Quantum secure data transfer with pulse shape encoded optical qubits

TL;DR

This paper introduces a quantum secure data transfer scheme using pulse shape encoded optical qubits, leveraging trapped atoms and QSDC protocol to ensure high fidelity and immunity to attacks.

Contribution

It presents a novel pulse shape encoding method for optical qubits in quantum secure communication, enhancing fidelity and security against individual attacks.

Findings

High-fidelity pulse shape encoding achieved via controlled driving pulses.

Arbitrary photon absorption probability demonstrated with optimized driving pulses.

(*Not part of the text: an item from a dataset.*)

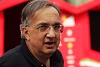 Foto zur News: Ferrari-Chef Marchionne: &quot;Nicht noch mehr Geld hinauswerfen&quot;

Data transfer protocol proven immune to individual quantum attacks.

Abstract

Quantum secure data transfer is an important topic for quantum cyber security. We propose a scheme to realize quantum secure data transfer in the basis of quantum secure direct communication (QSDC). In this proposal, the transmitted data is encoded in the pulse shape of a single optical qubit, which is emitted from a trapped atom owned by the sender and received by the receiver with another trapped atom. The encoding process can be implemented with high fidelity by controlling the time-dependent driving pulse on the trapped atom to manipulate the Rabi frequency in accordance with the target pulse shape of the emitted photons. In the receiving process, we prove that, the single photon can be absorbed with arbitrary probability by selecting appropriate driving pulse. We also show that, based on the QSDC protocol, the data transfer process is immune to the individual attacks.